So Very Sleepy
I’m so sleepy. I shouldn’t be. Elsa didn’t keep me up all night. Maybe I’m sleepy because I slept more like a normal person? I don’t know. You don’t care. Is there an entry in all this? Not really.
I had a lovely, relaxing day. Erik only had school one day this week thanks to snow days, which means my nerves have been on edge for daaaaaays. Thursday was the worst since there was no break at all Wednesday; just stress stress stress as I waited for Mike to get home. I don’t know how much of this was covered nationally, but the roads were the biggest mess ever. Mike left work at 4:30 pm and got home at 1 am. He ended up going back to work, hanging out at the office, then trying to get home again at midnight. The storm started with freezing hail, so there was a slick layer of ice, then the snow was coming down so fast there was no way for plows to get to it. People started abandoning their cars right in middle of the road (where did the people go???? I don’t understand!) so even if you weren’t afraid of driving, it was difficult to get through. At one point Mike thought he was going to have to get out and walk. I was not pleased with that idea. What if someone slid into him and killed him? He didn’t even have boots on! Luckily that didn’t happen and he survived, but I was a pretty cranky mommy the next day.
It was so nice to have the day almost all to myself! Erik’s little friend, Irish Lad, has a birthday tomorrow and wanted to hang out with Erik at the Maryland Science Center in lieu of a party. Irish Lad is much more like me–he doesn’t want a big party and doesn’t really understand the point of having a bunch of people around. So Erik, Irish Lad and the dads went off and left the moms and girl babies at home. I was going to go hang out with the mom, but then Elsa slept way longer than usual so I was late to the after-party (pizza and cake when they got home).
Instead of answering a million math questions, trying to explain evolution, doing laundry, assuring Erik that his artwork is wonderful, keeping track of gloves, fending off cupcake requests, doing laundry, offering healthy snacks, trying to guess the word Erik is spelling, telling Erik how to spell dinosaur names that I don’t even know, doing laundry, wondering why no one seems to notice Dino Dan is mentally ill, sweeping up the floor and doing laundry Elsa and I had a girls’ day out. I packed up some frozen peas and a placemat, stuck Elsa in the car and went to a restaurant. She is such a delight. I never would have done that with Erik because listening to a screaming baby is the opposite of delightful. Elsa is quiet as a little mouse as long as you keep something interesting on her plate. I gave the guys a great big tip because every single pea ended up on the floor, but it was well worth it to go out and feel human.
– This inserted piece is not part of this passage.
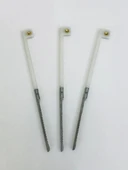 3'lü Set Çelik Topmatik Ürün Kesme Makinası Yedek Kaşık Yedek Uc Kürek thumbnail 1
We even went to Target. And I kept to my “buy nothing in January” goal, except for a few essentials. Baby proofing stuff had to be bought, but what can you do about that? Not like it was an impulse purchase. Only one impulse purchase made it to the cart (a squirrel proof bird feeder) but I abandoned somewhere in the lamp aisle. I know, I know. Evil. Before I had kids I would never abandon things in a random place. I would dutifully return everything to it’s proper home. If you would have seen my sleepy, sleepy baby that just needed to get the heck out of the store you would have forgiven me. I think. Hope.
We got home and that poor sleepy baby slept on top of me for three hours, just long enough for me to watch one of the worst movies I’ve seen in years: 2012. Did it even have a plot? I kept waiting for something to happen. A movie about the end of the world should be somewhat exciting. A movie with John Cusack should be somewhat exciting. But no. It was blah. Boring and blah.
Elsa nursed almost the entire movie. She has upper teeth now and nursing is painful. I am almost certain I’m not going to nurse her as long as I nursed Erik. I’m already ready to quit, but I’ll hold on until she’s a year. My mom keeps asking when I’m going to quit, but I see no reason at all to switch her to formula. I’m cheap! I have a plentiful supply of free milk. Why in the bleepity-bleep would I switch her to something I have to pay for? My nipples might thank me, though.
You know why I nursed Erik until he was almost three? Because every time my mom would ask when I was going to quit nursing him, I dug my heels in and said “never!” I purposely waited to wean him until after a trip out to see her just to irritate her.
I can be contrary.
Seriously, though. She started dissing the whole nursing thing before he was even born, then kept harping on about it from day 1. I took great joy in nursing in front of her because I could see the steam coming out of her ears.
She’s been a lot calmer with Elsa, which means I’ve been a lot calmer. And Elsa is a lot calmer. There’s a lot less stress in general. This time I’m not going to keep nursing my child just to piss off my mother. If the girl doesn’t learn to keep her top teeth off my nipple she’s going to be in for a sad surprise on April 14th.
Ok, so I’m just kidding about that, mostly. I wouldn’t know how to wean a baby cold turkey. Do you give them cows milk? Or what? Erik would never take cows milk (still won’t), so the whole weaning thing confuses me. I know it’s a few months away but I can’t even imagine her being ready to get most of her nutrition from something other than milk.